[Task] Extract, in full, the lines below, beginning at the first and ending with the line that contains "Hotel Meripol Alba". Pictures do not belong in the copy.

[Exercise inputs]

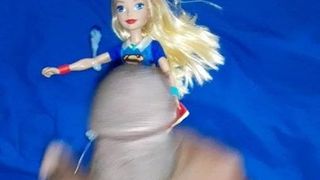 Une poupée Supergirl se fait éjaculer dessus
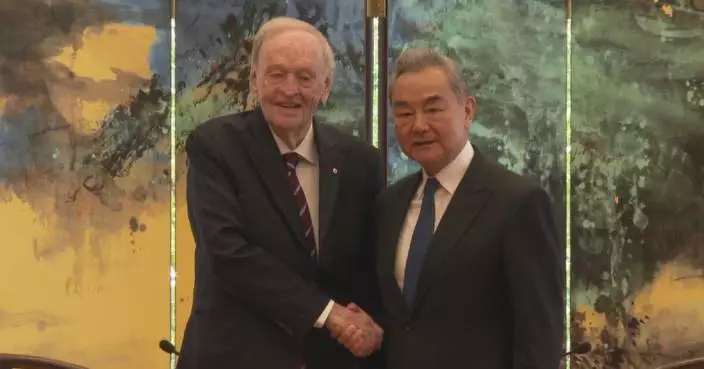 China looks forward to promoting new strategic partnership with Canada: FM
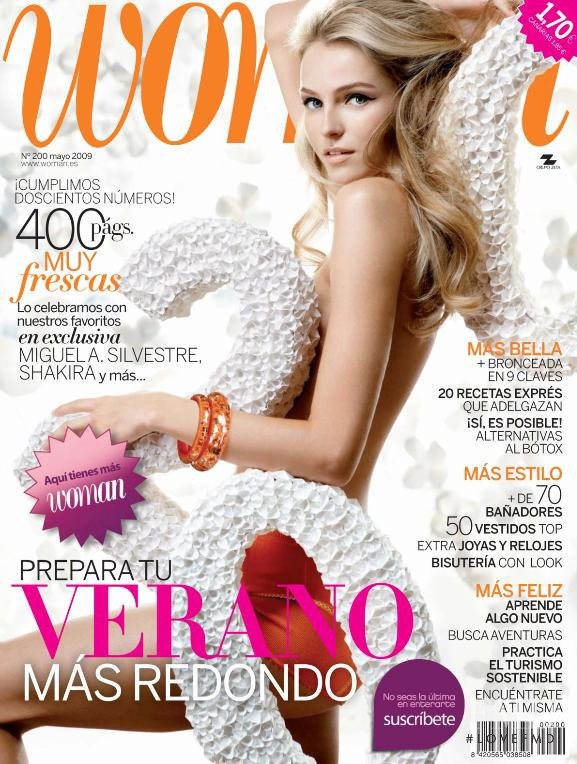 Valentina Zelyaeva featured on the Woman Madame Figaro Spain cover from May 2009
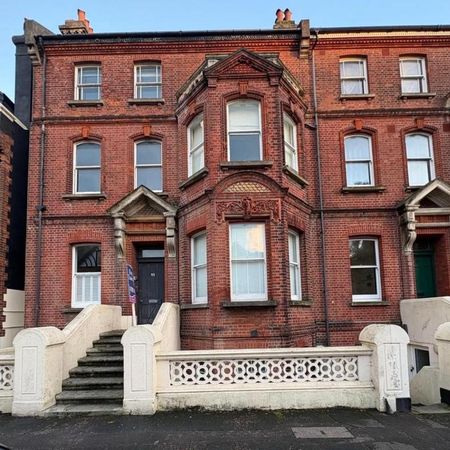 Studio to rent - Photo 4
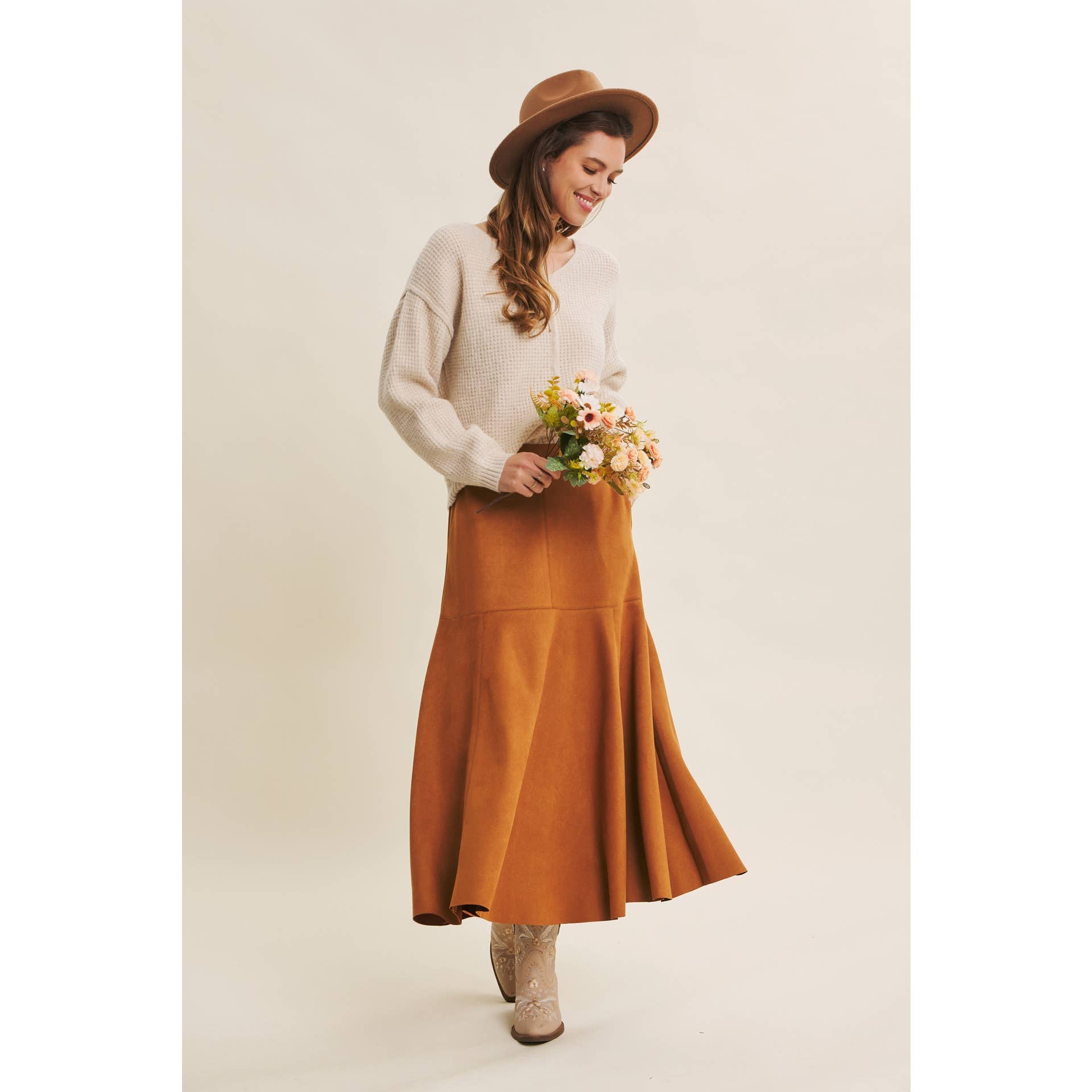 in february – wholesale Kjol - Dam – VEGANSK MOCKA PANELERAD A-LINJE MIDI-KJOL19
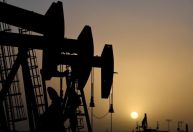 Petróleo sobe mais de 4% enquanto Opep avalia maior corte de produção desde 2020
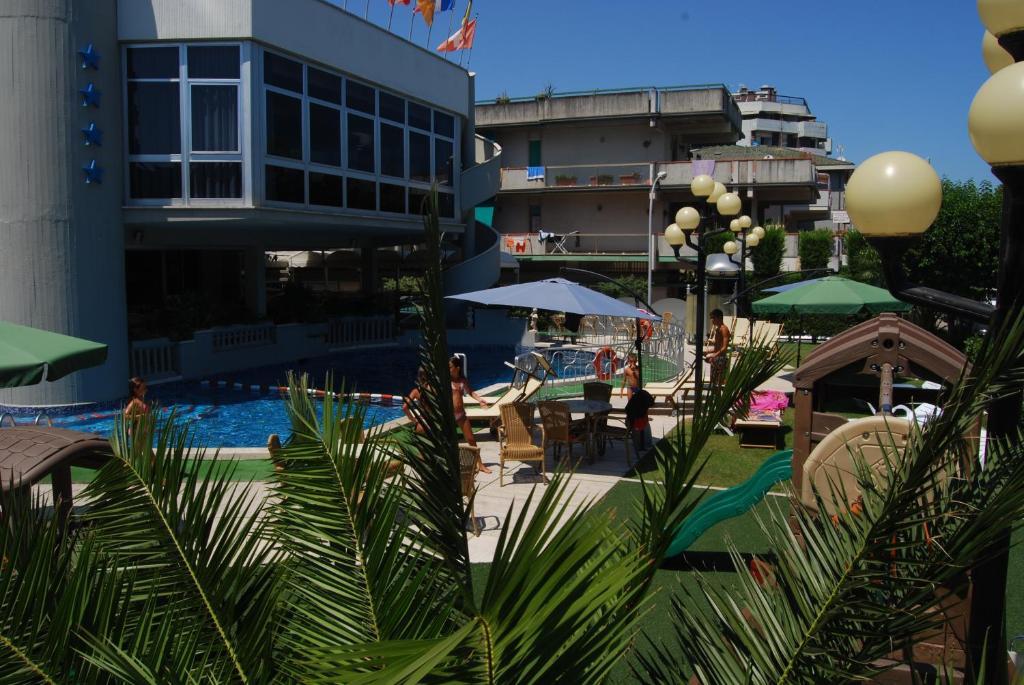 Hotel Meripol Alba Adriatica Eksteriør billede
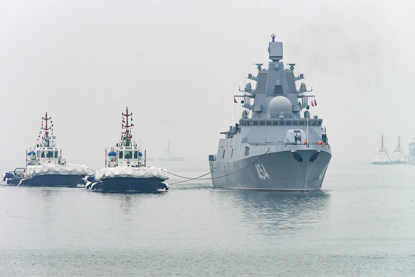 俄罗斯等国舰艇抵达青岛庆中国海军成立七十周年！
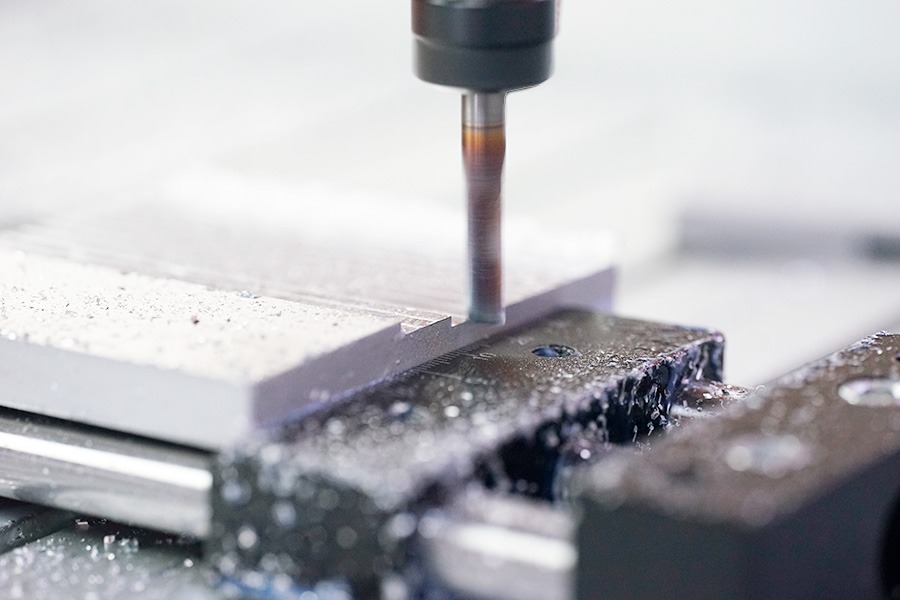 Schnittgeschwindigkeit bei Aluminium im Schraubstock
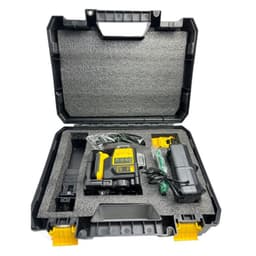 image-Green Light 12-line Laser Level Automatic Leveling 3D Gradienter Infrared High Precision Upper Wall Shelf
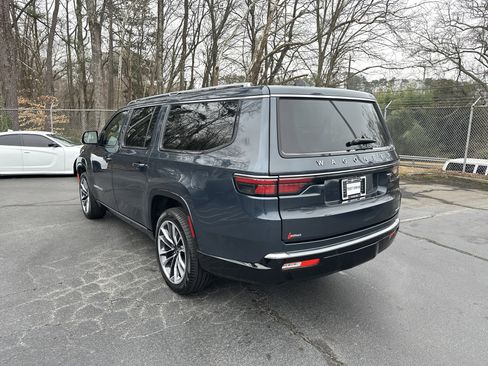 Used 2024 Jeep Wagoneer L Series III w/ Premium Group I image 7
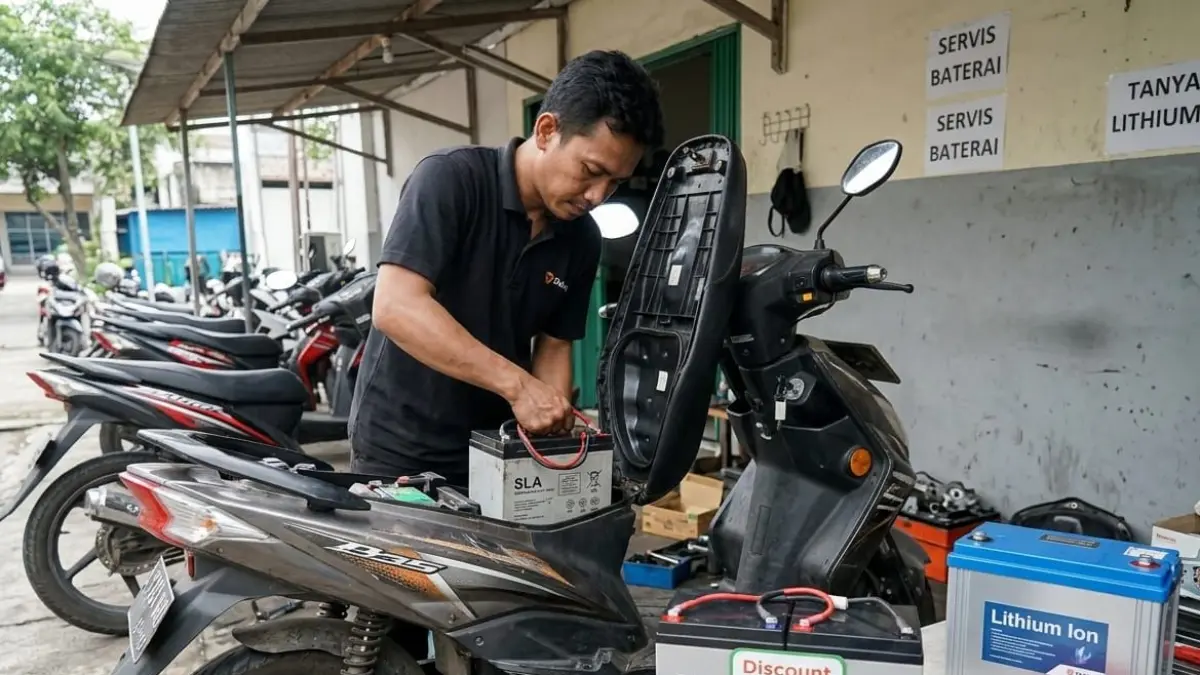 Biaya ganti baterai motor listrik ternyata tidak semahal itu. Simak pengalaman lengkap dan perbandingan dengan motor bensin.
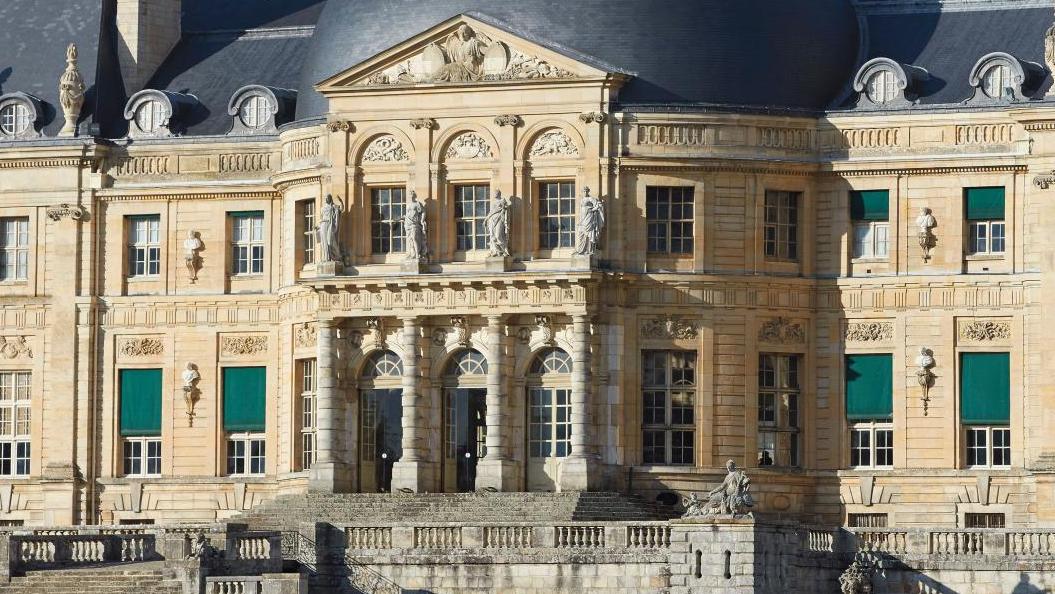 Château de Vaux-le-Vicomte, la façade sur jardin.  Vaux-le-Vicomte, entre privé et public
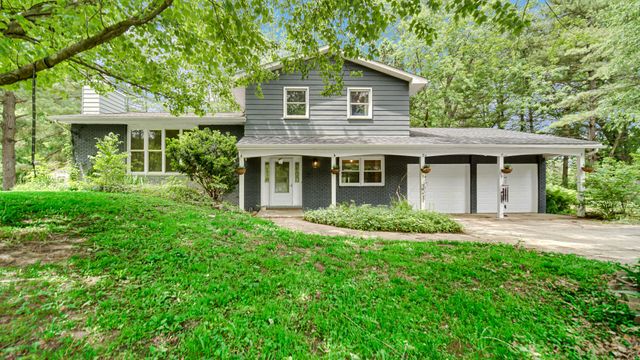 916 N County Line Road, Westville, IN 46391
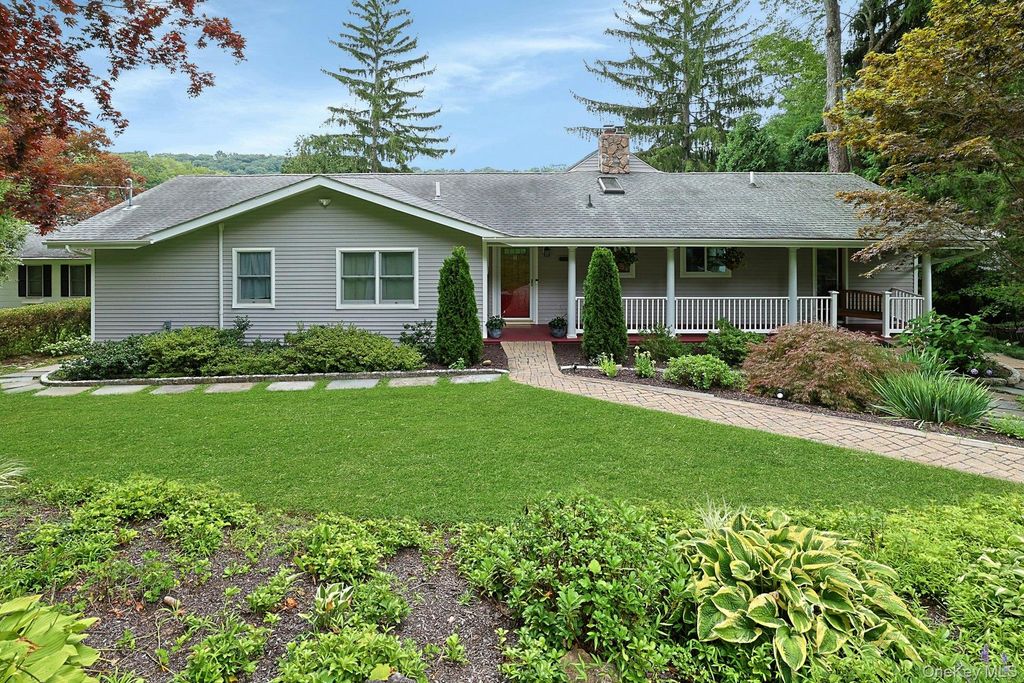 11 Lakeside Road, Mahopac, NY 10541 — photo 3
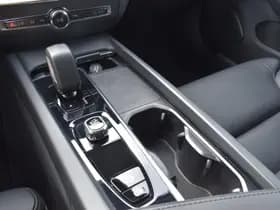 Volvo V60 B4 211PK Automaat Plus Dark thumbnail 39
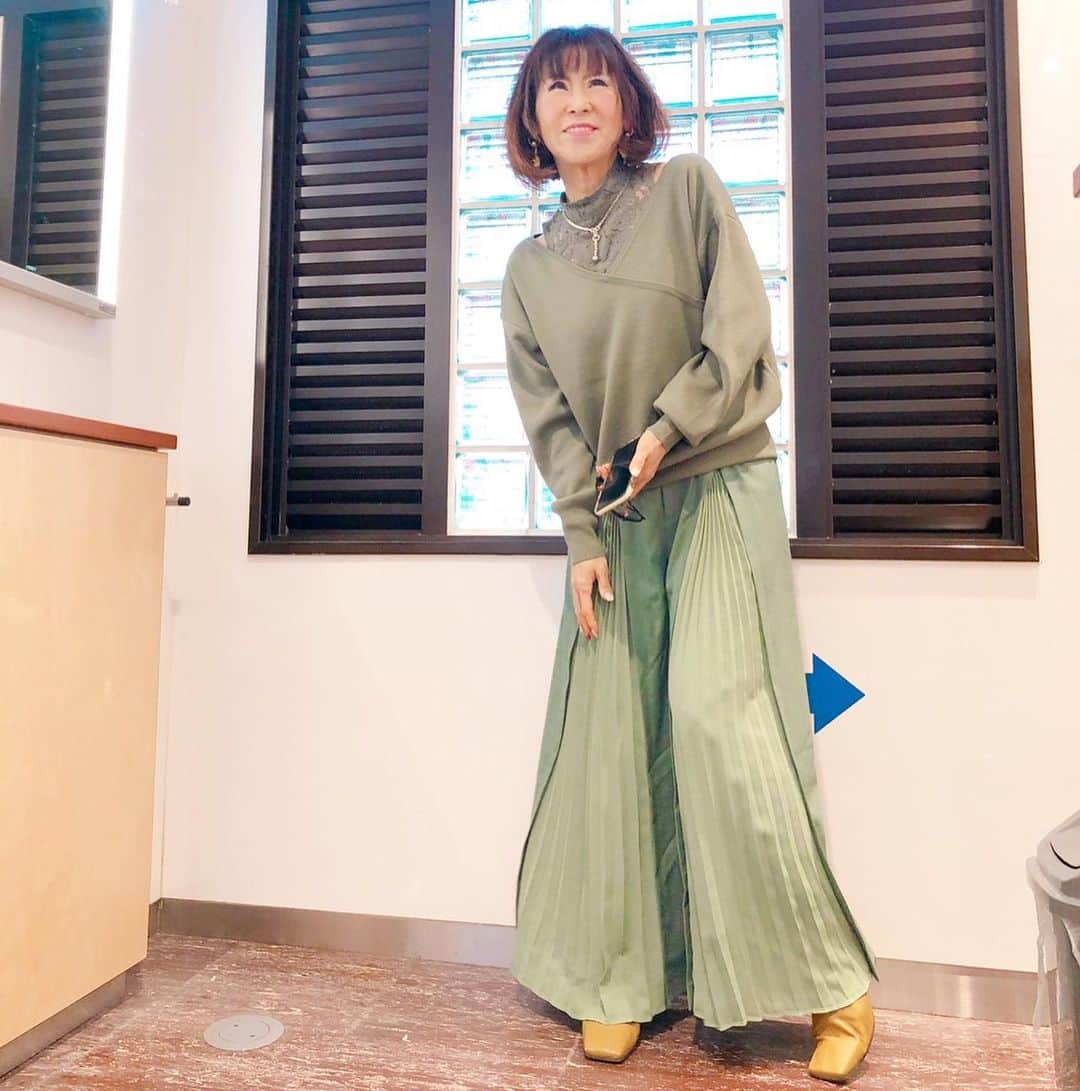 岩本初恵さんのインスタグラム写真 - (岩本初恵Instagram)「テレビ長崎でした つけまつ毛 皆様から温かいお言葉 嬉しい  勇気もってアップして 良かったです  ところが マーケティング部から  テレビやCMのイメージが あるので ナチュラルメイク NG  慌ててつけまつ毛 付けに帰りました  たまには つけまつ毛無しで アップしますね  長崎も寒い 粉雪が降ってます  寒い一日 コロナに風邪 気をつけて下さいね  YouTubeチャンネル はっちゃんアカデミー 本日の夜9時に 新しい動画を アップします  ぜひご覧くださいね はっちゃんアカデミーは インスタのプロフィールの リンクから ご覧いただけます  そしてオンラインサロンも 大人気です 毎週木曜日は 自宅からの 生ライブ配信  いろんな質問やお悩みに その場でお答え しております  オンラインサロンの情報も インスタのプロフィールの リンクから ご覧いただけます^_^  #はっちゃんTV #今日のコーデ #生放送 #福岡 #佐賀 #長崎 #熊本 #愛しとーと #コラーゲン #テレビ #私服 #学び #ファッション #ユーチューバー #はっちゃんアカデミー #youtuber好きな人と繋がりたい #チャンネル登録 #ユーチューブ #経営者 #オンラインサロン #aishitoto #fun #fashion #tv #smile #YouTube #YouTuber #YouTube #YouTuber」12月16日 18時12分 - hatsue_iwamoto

[Solution]
 Une poupée Supergirl se fait éjaculer dessus
 China looks forward to promoting new strategic partnership with Canada: FM
 Valentina Zelyaeva featured on the Woman Madame Figaro Spain cover from May 2009
 Studio to rent - Photo 4
 in february – wholesale Kjol - Dam – VEGANSK MOCKA PANELERAD A-LINJE MIDI-KJOL19
 Petróleo sobe mais de 4% enquanto Opep avalia maior corte de produção desde 2020
 Hotel Meripol Alba Adriatica Eksteriør billede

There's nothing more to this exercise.